Hiccups in automating the new server

Jon Nagel

Oct 9, 2022 • 3 min read

There's some good and bad news with the new server....

Lets start with the good. I've automated 80%, got it stood up and have migrated most of my data over to it. All the important, everyday bits are being run from it instead of my old microserver.

The bad, well it's more like tepid, stale water. Lets go in order of things that went wrong or skipped.

The Bad

Kickstart

Yeah, the core of building the server got axed. Attempts were made, but for some reason I could not get the server to recognize the boot option, or when I did, it complained about issues that I did not have with testing on VMs. Instead of dwelling on this one, I've chosen to skip indefinitely. It was more of a nice to have than a need. the disk layout and config options aren't complex enough to have to worry about messing it up if I have to redo from scratch for some reason.

Snapshots

Yeah... Now we're crossing into breaking core designs, but the good news is, this is just skipped "for now". This is partially from originally wanting to do the base of the system as openSUSE and switching back to Fedora. openSUSE makes it incredibly easy to setup and use snapper out of the box. On Fedora, it's easy with a giant asterisk. It's the biggest pain in the world to automate on Fedora 36. Whatever you're thinking of to be the biggest pain, double it. There is a fairly straighforward guide to follow but I have not had luck automating it the way it needs to be done to get it to work.

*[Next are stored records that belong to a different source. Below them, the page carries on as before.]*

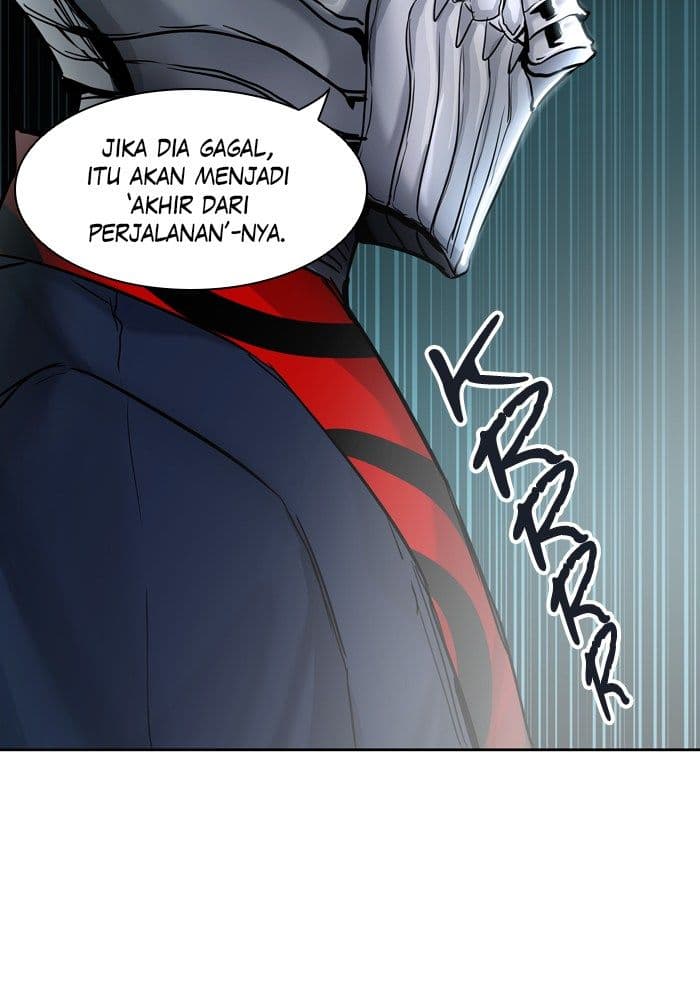 Chapter Komik
              Tower of God Chapter 421 - page 21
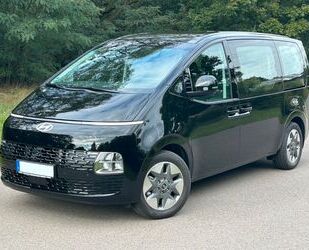 Hyundai STARIA Gebrauchtwagen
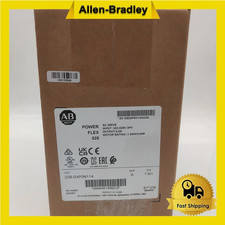 2022 New Sealed AB 25B-D4P0N114 PowerFlex 525 1.5kW 2Hp AC Drive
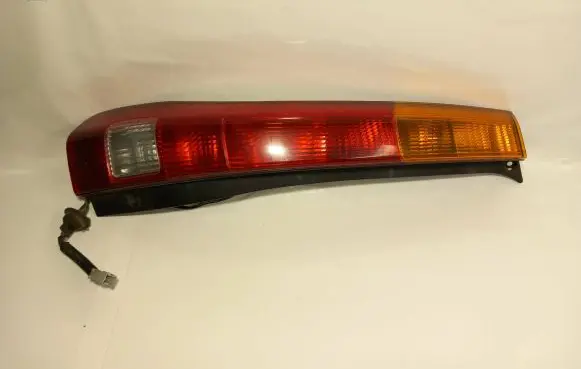 Honda CR-V Rear/tail lights 2VP23801403 RVL12VLLES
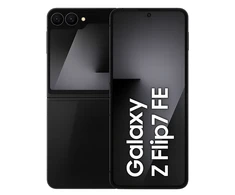 SAMSUNG Galaxy Z Flip7 FE 5G 8/256GB Black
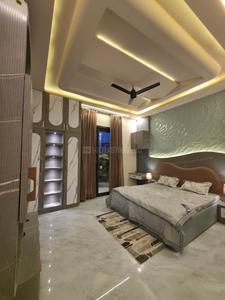 Bedroom Image of 5000 Sq.ft 5 BHK Independent House for sale in Vaishali Nagar Jaipur for Rs. 55000000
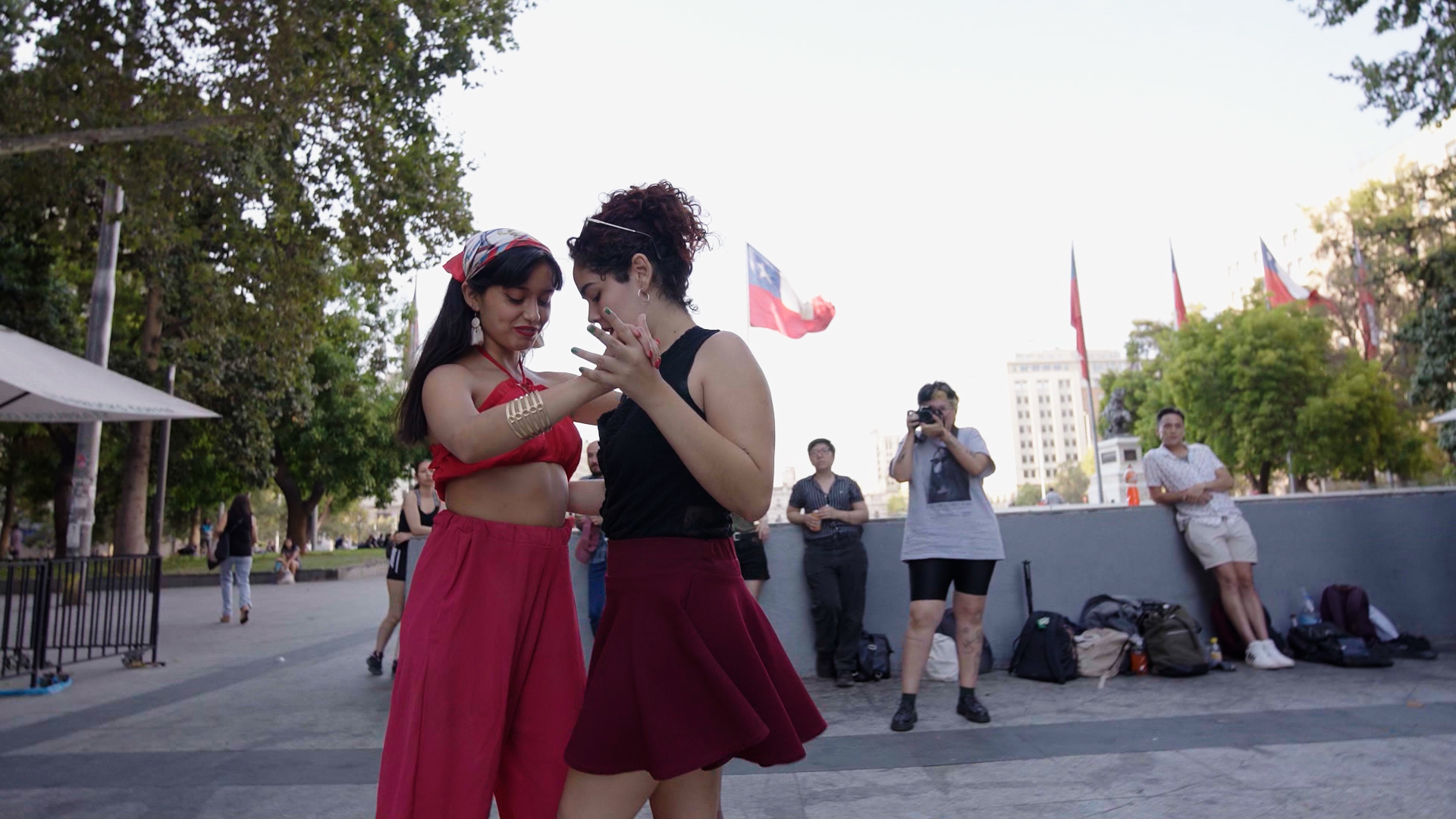 U. de Chile destaca en certamen iberoamericano con dos premios para UCHILETV - imagen 1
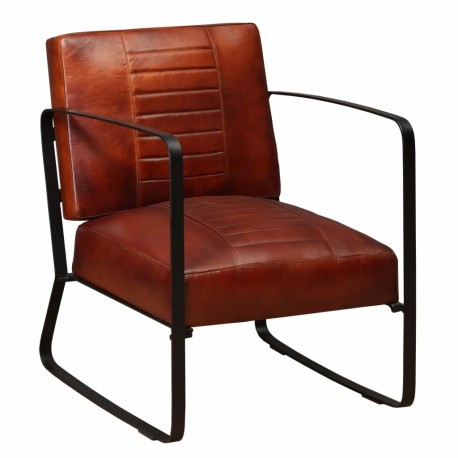 Lounge Chair Genuine...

The issue comes from the need to make very specific kernel modifications because of the filesystem defaults in Fedora. First, SUSE_BTRFS_SNAPSHOT_BOOTING=true needs to be added to the grub config, the boot kernel needs to be rebuilt to support this change. Next you need to change the subvolume ids for the /.snapshot volume so that you can control how the system boots. If these steps are in any way wrong (including trying to skip rebooting to set part of it), you lose access to the system.

I'm not skipping it, eventually I will get this part done, even if it's unfortnately done manually. Mainly, this is going to be needed when I start doing system upgrades, doing more ad-hoc work with containers, and backing up the VMs in the cluster.

Plex Harware Encoding

This one is confusing. Plex is being run inside a Podman container. Nearest I can tell, the official plex container doesn't play nicely with Podman. I mostly has to do with how podman does the hardware passthrough compared to Docker. Docker does passthrough of the device, Podman utilizes hooks into the device to share the abilities. For some reason when the device is successfully passed through, running nvidia-smi returns command not found. Nor does Plex see that there's the option for hardware encoding.

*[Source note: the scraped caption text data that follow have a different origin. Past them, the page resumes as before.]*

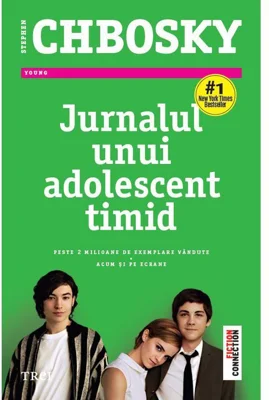Jurnalul unui adolescent timid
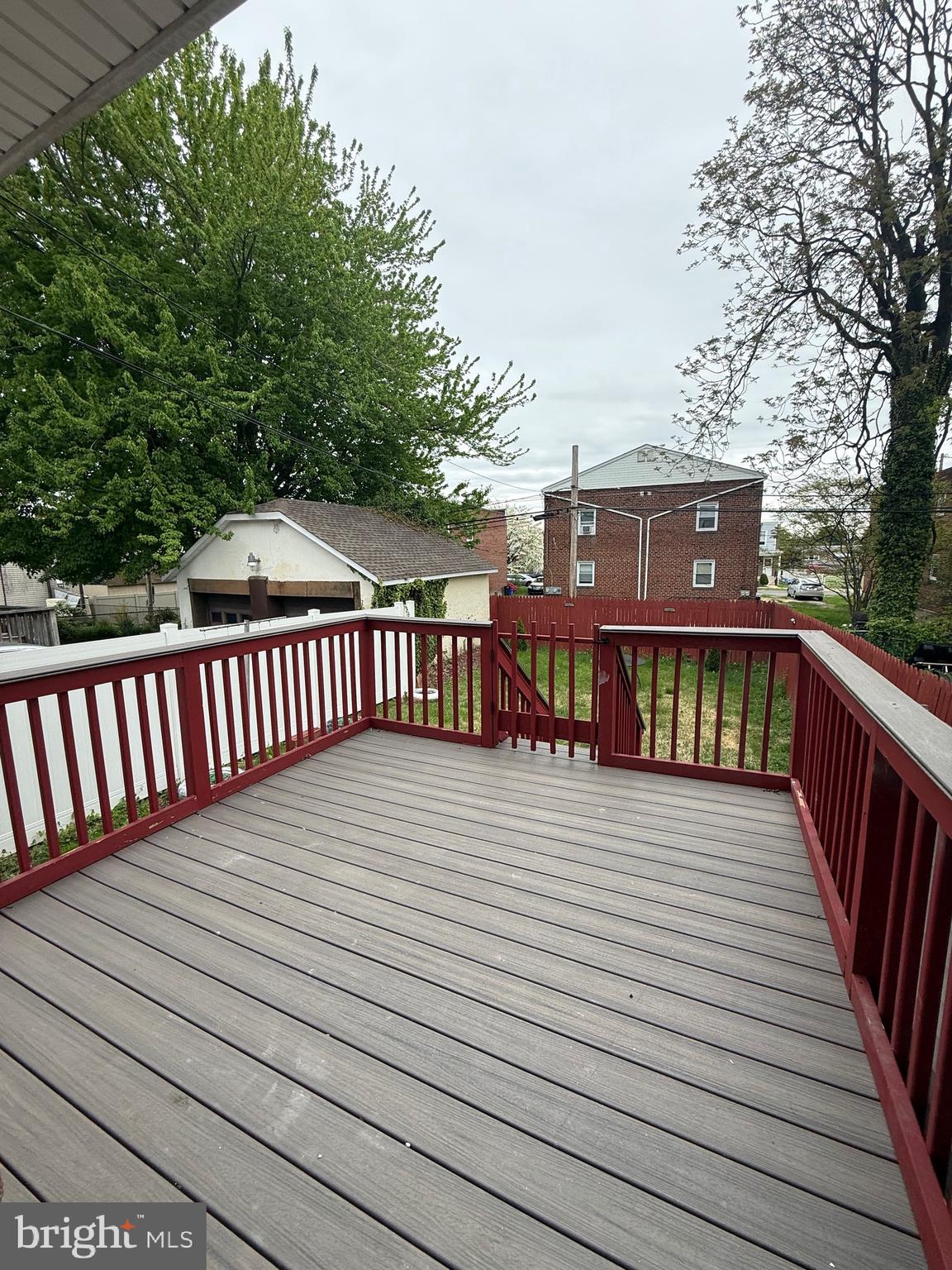 PHILADELPHIA (NORTHEAST) - Residential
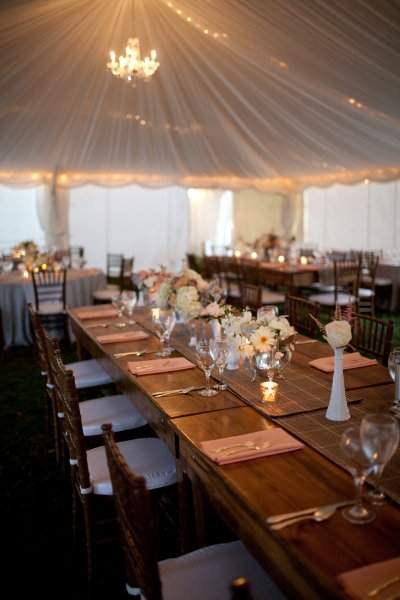 French's Point Wedding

I need more time to investigate this, mostly at a time when Plex can be down and not interrupting anything (which sucks because that's how i've been watching most of my content lately).

Updates? Kinda

I'll be honest, I didn't plan exactly how I would be running updates on things. In order this is what needs to be done

Update the core system (security or all)
Update containers (currently Plex and Jellyfin)
VM upgrades (separation for cluster VMs and adhoc ones, but this is something I haven't spent any time figuring out since I haven't built the cluster part yet).

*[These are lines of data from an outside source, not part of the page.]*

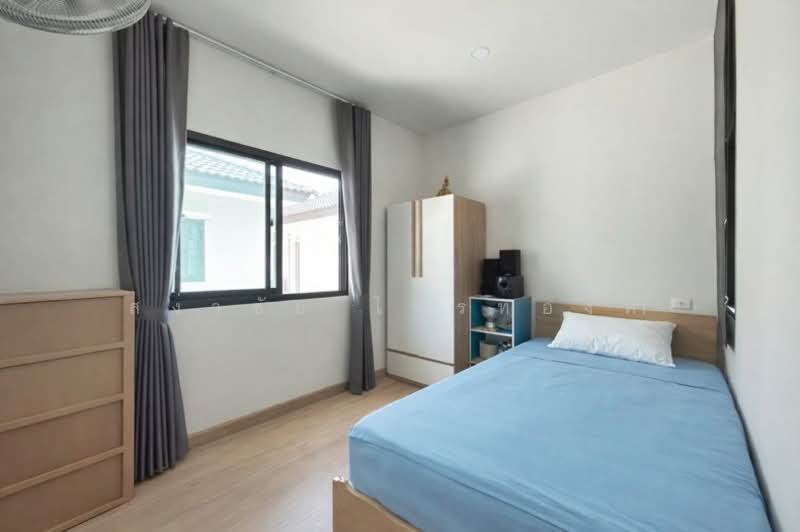 Britannia Bangna Suvarnabhumi (km.26), Samut Prakan, 42 Bang Bo Temple Road, Bang Bo, Bang Bo, Samut Prakan, 3 Bedrooms, 145 sqm, Single Detached House For Sale, by สง่าชัย ไทรทองคำ, 500154167 - DDproperty.com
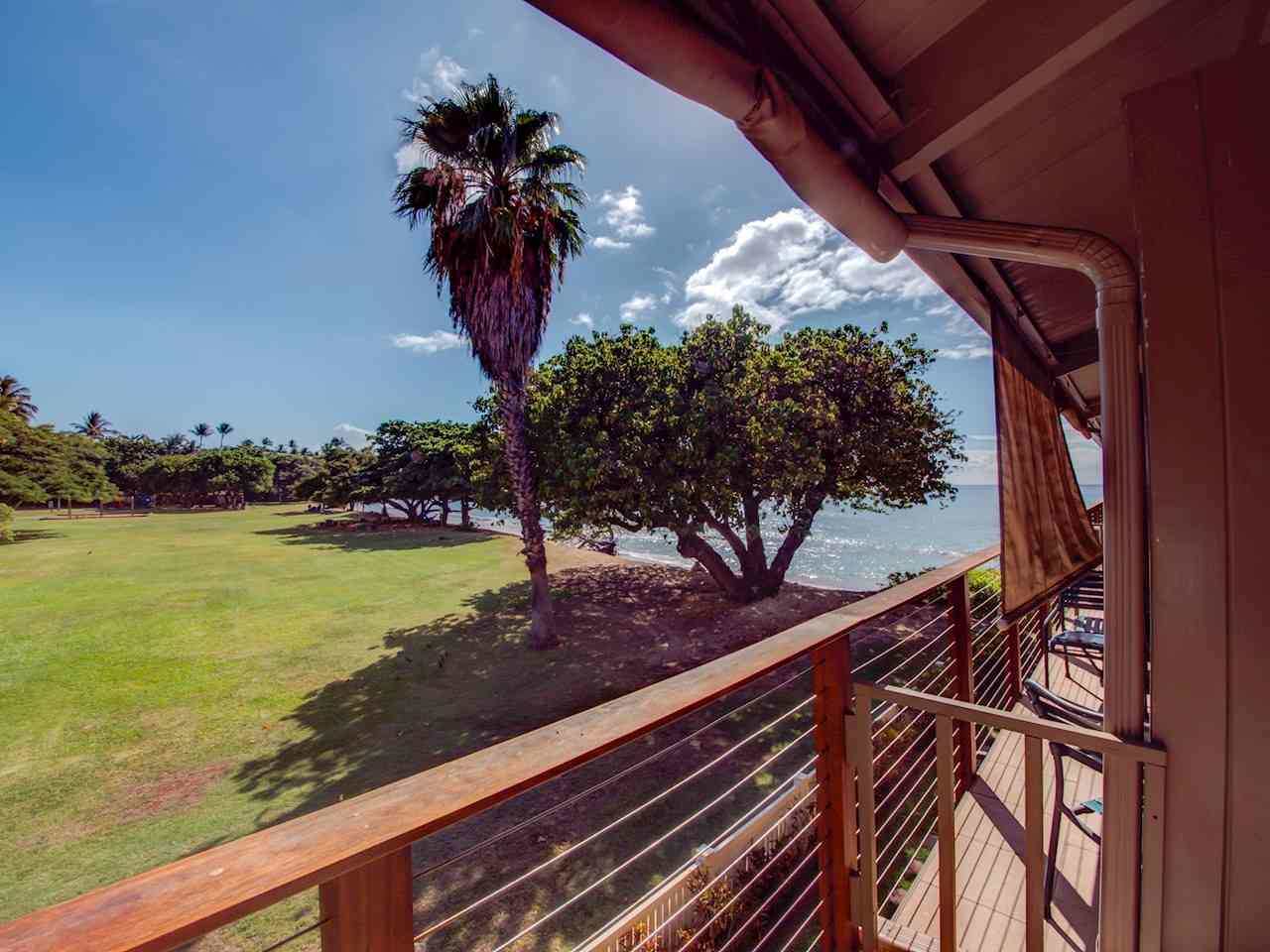 Hale Kai I condo # 207, Lahaina, Hawaii - photo 4 of 30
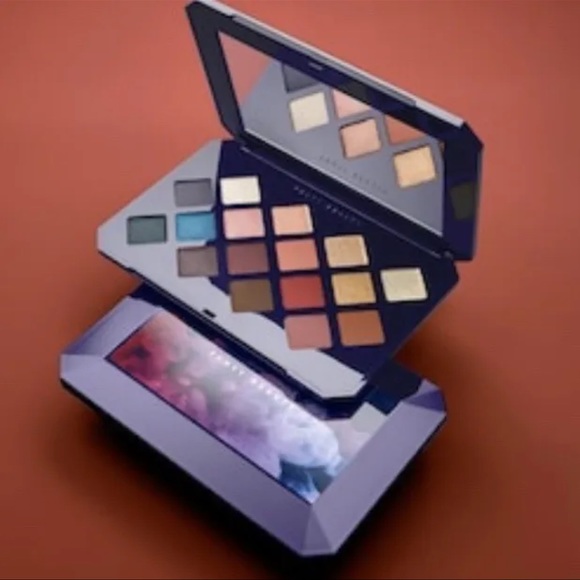 Fenty Beauty by Rihanna Moroccan Spice Eyeshadow Palette - Picture 3 of 4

A week or so ago, I did make a general playbook to do the updates to the system, along with tags to differentiate between security updates and full updates that will have a reboot. That went mostly fine, but it did show me that I had an issue with the containers and the systemd files that were created. I haven't spent time figuring out how I would fix them, yet, but it's on my list of things to do before the end of the year.

The VM part, I have thoughts about how I'm going to update the cluster, but for other vms, I'm either going to use the same playbook for the core system, or I'm going to build in running updates via console somehow (I doubt it, I don't wand to deal with expect if I can avoid it).

The Cluster itself

This one is more of a cop-out than anything 😉. I have the files needed to make the xml domain definitions, but i haven't had the time to tweak them for what I need and then build out the variables. I should also be able to leverage some info from some playbooks at work if I get stuck. Again, it's more of a scope of time, than an issue getting it working.

It's slow going, mostly due to the time I spend working on it, but the system is building out mostly as planned.